> TASK DESCRIPTION
Starting at the first line of the entries, extract each line up to and including the one that contains "cooking food of", but leave out the pictures.

> SUPPLIED DATA
Content starts

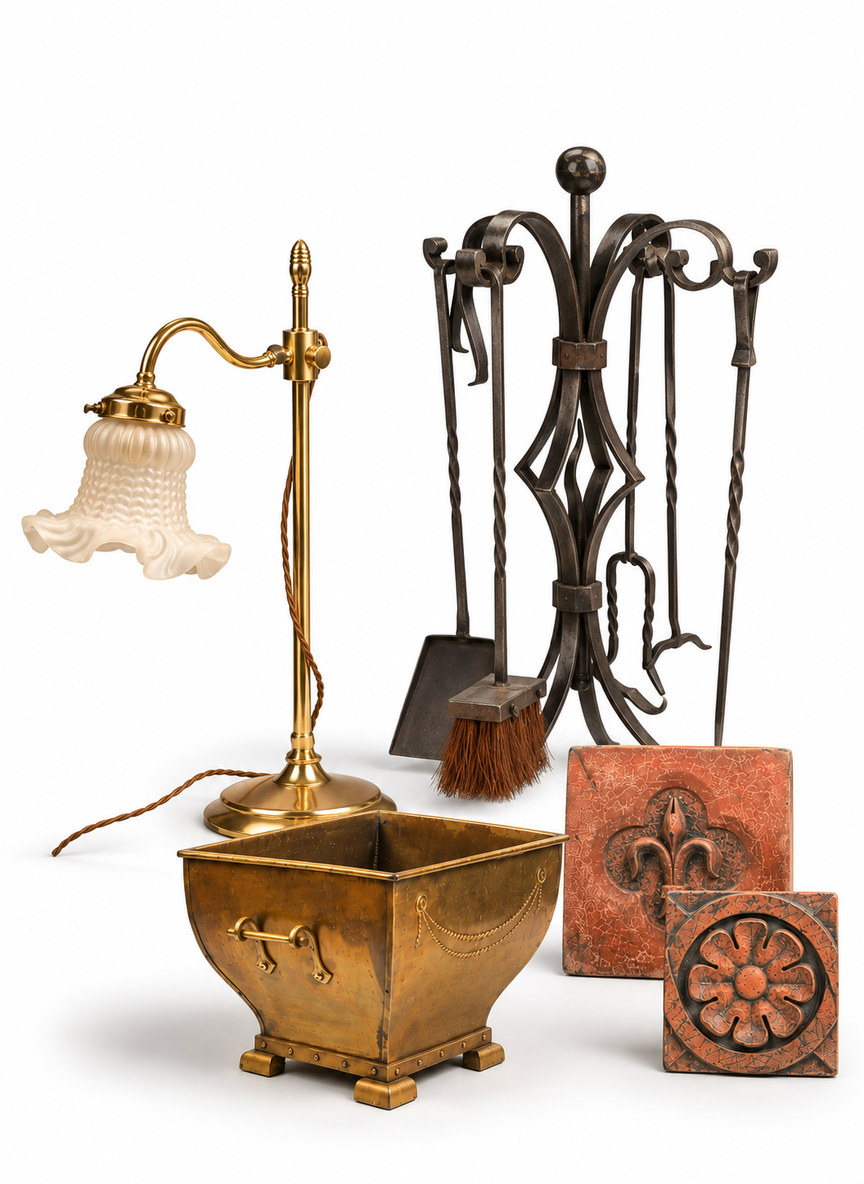 Curated selection of antique lighting, fireside accessories and decorative antiques from the Shackleton Fox Sale Collection, displayed against a clean white background. The arrangement includes an elegant brass table lamp with a curved arm and decorative frosted glass shade, a dark wrought iron fireside companion set with scrolling metalwork, a rectangular brass coal scuttle with decorative handles and feet, and two terracotta-coloured decorative plaques featuring raised floral and fleur-de-lis motifs.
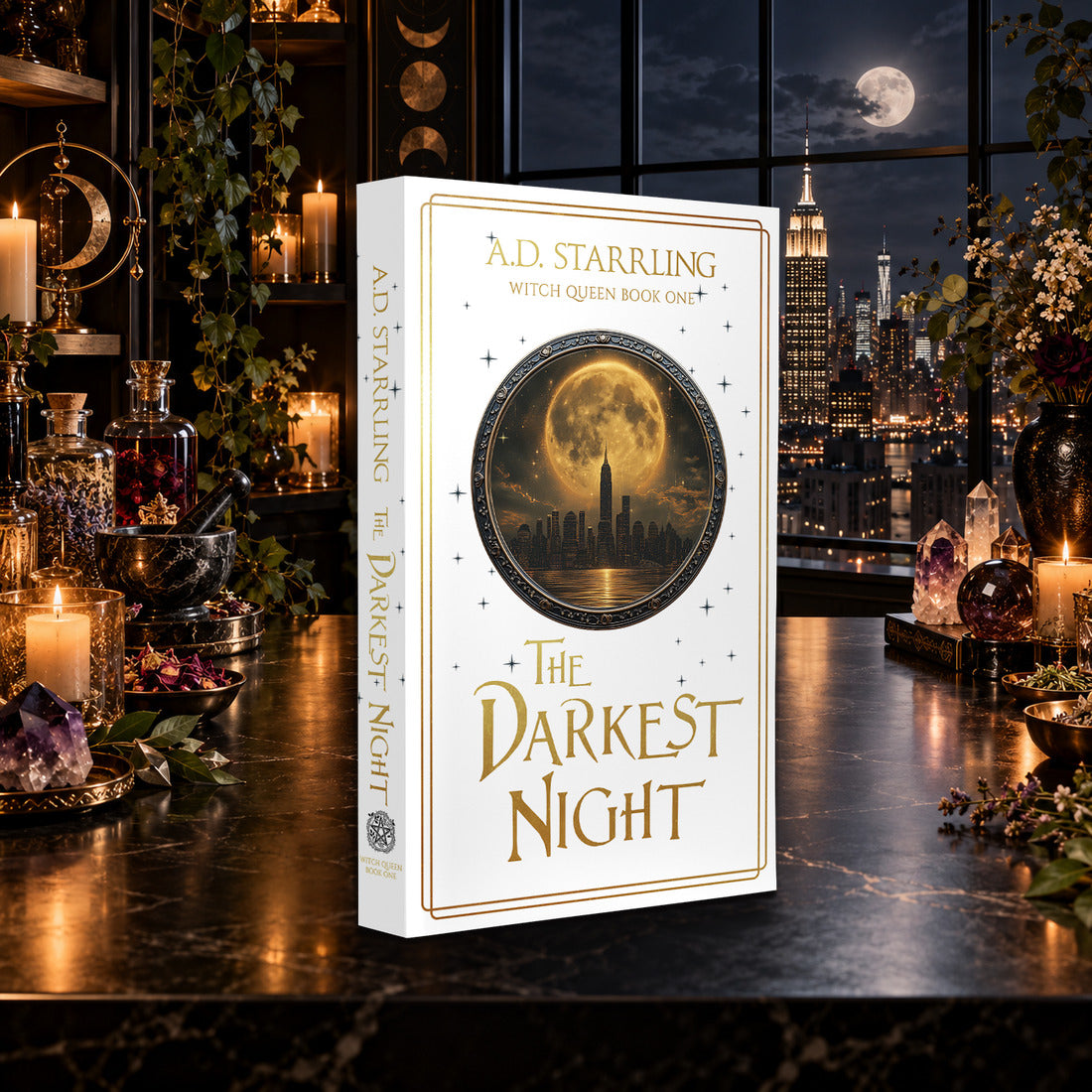 The Darkest Night (Witch Queen Book 1) Special Edition Paperback by A.D. Starrling on a marble table by a moonlit window over the New York skyline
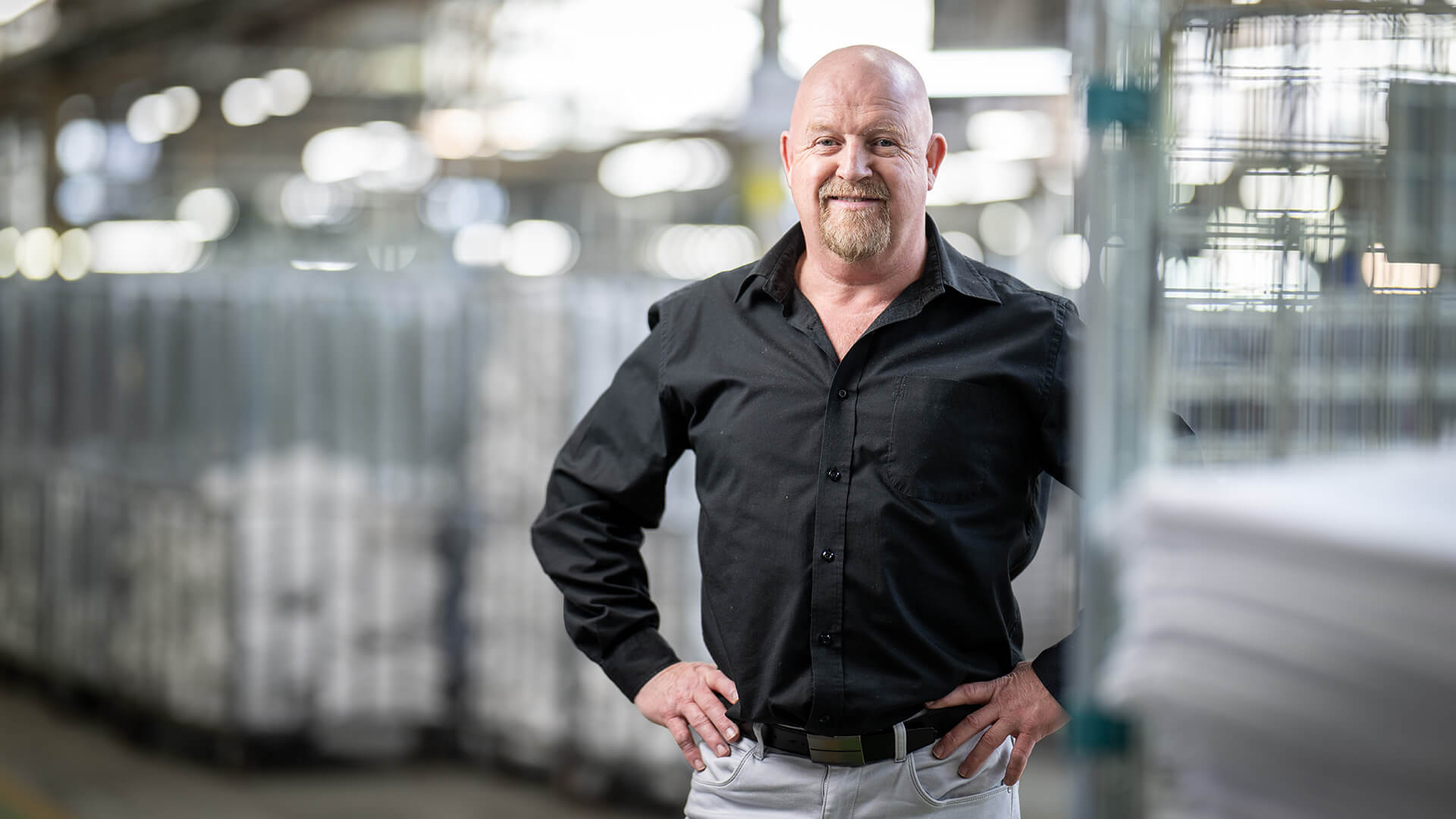 Employer smiles in a black shirt inside a large warehousel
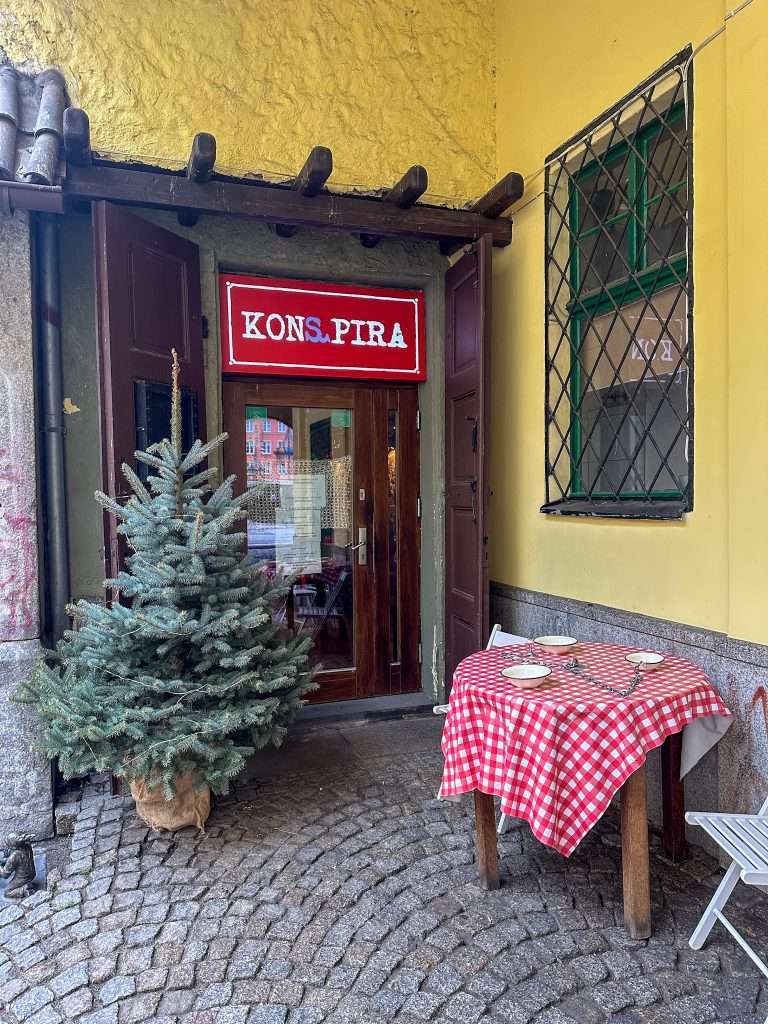 Image shows an external view of the restaurant known as Konspira in Wroclaw Poland. Great food and an interesting story make it a must stop place when visiting the city. 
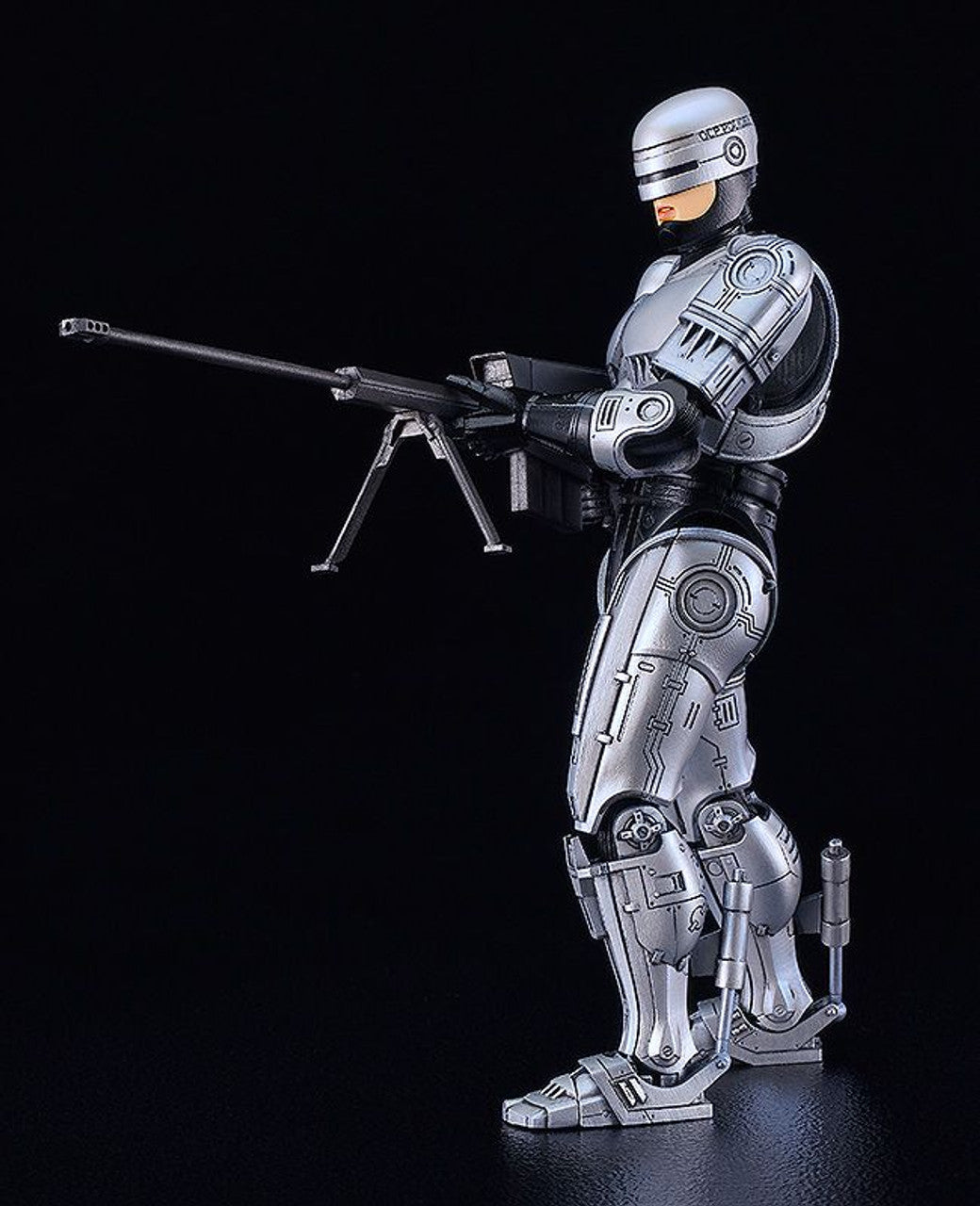MODEROID Robocop 3 action figure in silver and black armor holding a large black rifle with a bipod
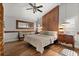 Cozy bedroom features hardwood floors, rustic wood accent wall, and stylish furnishings at 219 Old Mill Cir, Kissimmee, FL 34746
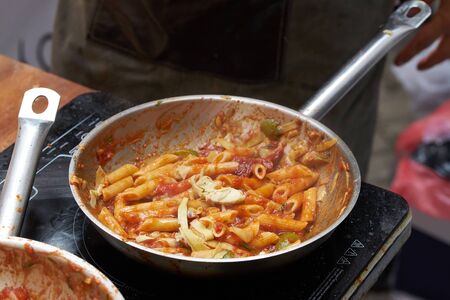 cooking food of italian cuisine, pasta Penne with tomato sauce, detailed view of spoon and pan fryingの写真素材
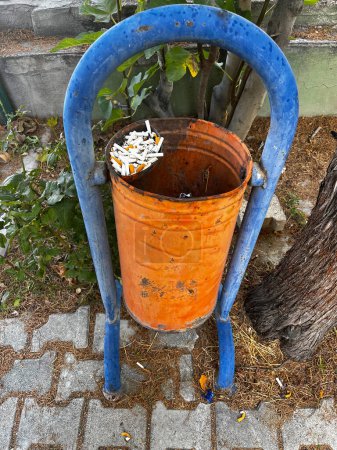 Foto de Viejo bote de basura con colillas de cigarrillo en él. - Imagen libre de derechos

Content ends

> OUTPUT
 Curated selection of antique lighting, fireside accessories and decorative antiques from the Shackleton Fox Sale Collection, displayed against a clean white background. The arrangement includes an elegant brass table lamp with a curved arm and decorative frosted glass shade, a dark wrought iron fireside companion set with scrolling metalwork, a rectangular brass coal scuttle with decorative handles and feet, and two terracotta-coloured decorative plaques featuring raised floral and fleur-de-lis motifs.
 The Darkest Night (Witch Queen Book 1) Special Edition Paperback by A.D. Starrling on a marble table by a moonlit window over the New York skyline
 Employer smiles in a black shirt inside a large warehousel
 Image shows an external view of the restaurant known as Konspira in Wroclaw Poland. Great food and an interesting story make it a must stop place when visiting the city. 
MODEROID Robocop 3 action figure in silver and black armor holding a large black rifle with a bipod
 Cozy bedroom features hardwood floors, rustic wood accent wall, and stylish furnishings at 219 Old Mill Cir, Kissimmee, FL 34746
 cooking food of italian cuisine, pasta Penne with tomato sauce, detailed view of spoon and pan fryingの写真素材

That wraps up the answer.